Des gains sonnants et trébuchants

D’emblée, un premier constat s’impose. Lorsqu’on leur parle d’efficacité énergétique, tous les industriels marocains interrogés pensent gain financier. Et pour cause !

Comme nous l’avons rappelé précédemment, la démarche consiste à faire la chasse aux gaspillages ; un simple tour d’usine peut permettre de détecter à l’œil nu une fuite de vapeur ou une échappée de fuel non consumé (la fumée est noire et non blanche). Un tuyau chaud suggère une perte de chaleur. Des compteurs électriques divisionnaires, c’est-à-dire dédiés à des machines particulières, peuvent révéler une surconsommation électrique, signe d’un dysfonctionnement ou d’un mauvais réglage... Le gain financier obtenu grâce à cette simple chasse aux gaspillages est donc bien réel et permet de générer des économies à court terme. La réduction de la facture énergétique est ainsi, sans surprise, la première motivation des industriels qui s’engagent dans l’efficacité énergétique.

Comme l’a révélé l’enquête, cette recherche de sources d’économies peut devenir, dans certains cas, un facteur clé de compétitivité. A l’instar des entreprises exportatrices qui, en première ligne sur les marchés extrêmement concurrentiels, n’ont ainsi d’autres choix que de rechercher des sources de gains à tous les niveaux. C’est le cas des usines de textile qui, bien que fortement énergivores, sont contraintes de contenir au maximum leurs prix de revient afin de rester compétitives, notamment face à la concurrence asiatique. Pour ces entreprises, l’efficacité énergétique n’est pas une simple voie d’amélioration mais bien un outil incontournable de leur attractivité sur les marchés.

Si l’intérêt financier de la démarche fait l’unanimité auprès de nos industriels, ils citent en second lieu son impact environnemental. 69% des représentants d’usines interrogés se révèlent ainsi sensibles aux retombées écologiques de l’efficacité énergétique. Même si l’effet est indirect - car l’efficacité énergétique ne s’intéresse pas à la pollution émise par les usines -, le moindre recours aux différentes formes d’énergies réduit les pollutions générées en amont. Electricité, gaz, fuel, etc., toutes ces ressources émettent des pollutions lors de leur transformation, leur conditionnement ou encore leur acheminement vers les sites de production. En réduisant les quantités consommées, les industriels amoindrissent leur impact environnemental ; c’est un des effets indirects de la «sobriété» selon Amory Lovins.

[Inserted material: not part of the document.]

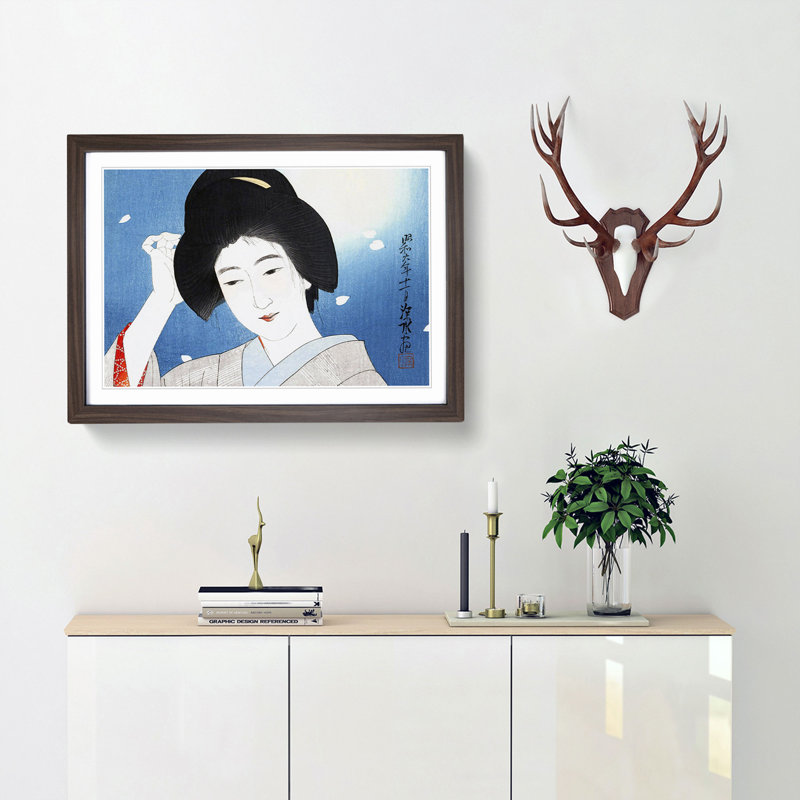 Under the Moonlight by Ito Shinsui - Picture Frame Painting Print, 36cm H x 27cm W x 2cm D, Walnut Framed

Enfin, quelques participants à l’enquête ont démontré leur volonté d’anticiper les changements attendus : 19% d’entre eux souhaitent d’ores et déjà s’appuyer sur l’efficacité énergétique pour renforcer leur indépendance vis-à-vis des ressources fossiles quand ils sont 16% à déclarer vouloir réduire l’impact des hausses tarifaires à venir sur leurs finances. Dans un tout autre registre, ils sont 16% à envisager l’efficacité énergétique comme une démarche nécessaire pour anticiper les nouvelles réglementations environnementales.

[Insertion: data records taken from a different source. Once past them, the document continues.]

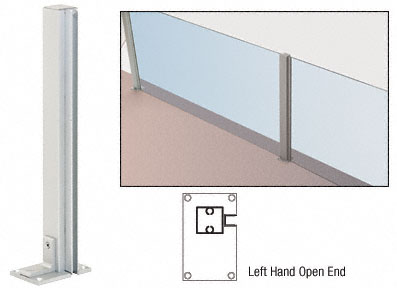 CRL Satin Anodized 36" Left Hand Open End Standard Partition Post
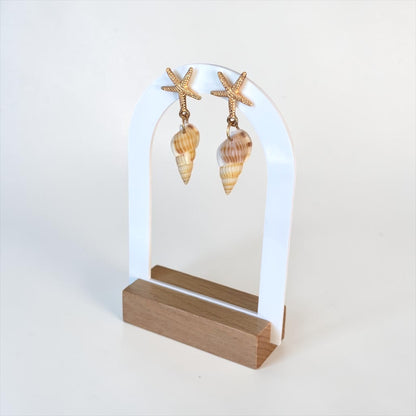 Gold Starfish Drop Earrings with Shell Charm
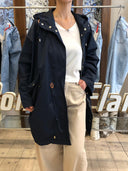 Trench-parka blu con cappuccio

Les bénéfices tirés de l’efficacité énergétique sont donc bien connus des industriels. Mais qu’en est-il de sa mise en œuvre au sein des usines ? Lorsqu’on l’interroge sur sa sensibilité au thème de l’efficacité énergétique, la quasi-totalité de notre panel reconnaît s’y intéresser. Dans la grande majorité des cas, cette chasse aux gaspillages s’avère récente et émane soit de la direction générale soit, lorsqu’il s’agit d’une filiale de multinationale, de la maison mère. Il semble que les premiers projets d’efficacité énergétique aient été lancés sur la période 2003-2008 et aient démarré par un audit spécialisé, généralement effectué par un bureau d’études externe. Détail révélateur : lorsqu’un audit est réalisé, les actions suivent dans 83% des cas (pour les autres, les projets d’investissements sont mis en attente).

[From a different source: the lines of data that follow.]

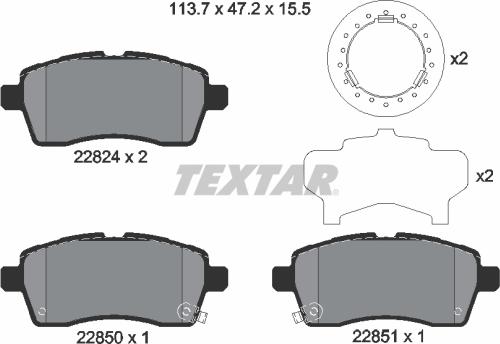 Textar 2282401 - Brake Pad Set, disc brake onlydrive.pro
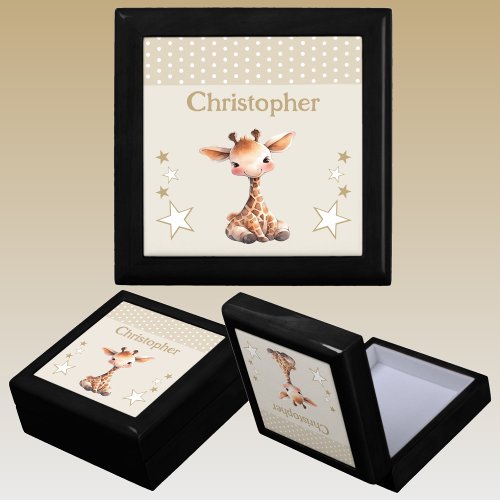 Cute giraffe stars add name brown keepsake gift box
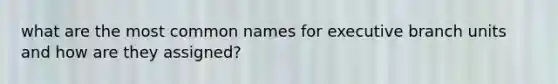 what are the most common names for executive branch units and how are they assigned?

Pour réduire la consommation énergétique, les champs d’intervention sont très ciblés ; ils visent l’optimisation de postes clés tels que la combustion des chaudières, les systèmes d’air comprimé ou de réfrigération, le calorifugeage9, etc. Ils peuvent faire l’objet d’interventions à petits budgets, très rapidement amorties. Les exemples les plus spontanément cités par notre panel concernent les interventions sur l’éclairage (incluant le passage aux ampoules à basse consommation) et sur le cosinus phi, un indicateur de rendement électrique10. A contrario, certains projets portant sur l’optimisation des modes de production, axés sur le passage à des procédés ou des machines plus économes, peuvent nécessiter d’importants investissements. Notre enquête révèle que les industriels favorisent le financement sur fonds propres, qu’il s’agisse de petits ou de gros budgets. Nombre d’entre eux sont également équipés de systèmes de suivi de leur consommation énergétique plus ou moins poussés, allant de simples compteurs divisionnaires installés sur des machines ciblées à la mise en place d’un suivi informatique online. Ceci démontre un minimum de volonté de contrôle, probablement corrélé au renforcement récent de la comptabilité analytique. Sur le plan financier, toujours, nous avons constaté que l’efficacité énergétique fait trop rarement l’objet d’une ligne budgétaire dédiée. En effet, les dépenses semblent se faire au coup par coup lorsqu’une action est entreprise, mais ne sont pas suivies et budgétisées d’année en année. Cette approche laisse supposer que l’efficacité énergétique n’est pas une démarche prioritaire car elle ne fait pas l’objet de plans d’actions bien construits.

Une manne inexploitée

En dépit des multiples bénéfices générés par l’efficacité énergétique (en 2007, on estimait à 17% le potentiel d’économie d’énergie dans le secteur industriel marocain avec un temps de retour sur investissement de 18 mois11), rares sont les entreprises qui passent à l’acte. Une étude sur les barrières à l’efficacité énergétique12 a révélé un certain nombre de freins. Ceux-ci peuvent être liés à l’existence de coûts annexes, proportionnels au degré de nouveauté technologique introduite dans l’usine. Ces coûts sont liés aux étapes de recherche d’information, mise en œuvre, formation du personnel, ruptures temporaires de production... Côté financier, la difficulté d’accès au marché du capital ou la crainte de ne pas tirer les bénéfices attendus entravent le passage à l’acte. Enfin, l’étude met l’accent sur le poids de la culture d’entreprise et le pouvoir d’influence du responsable efficacité énergétique ; plus la volonté est forte, plus l’entreprise est encline à investir !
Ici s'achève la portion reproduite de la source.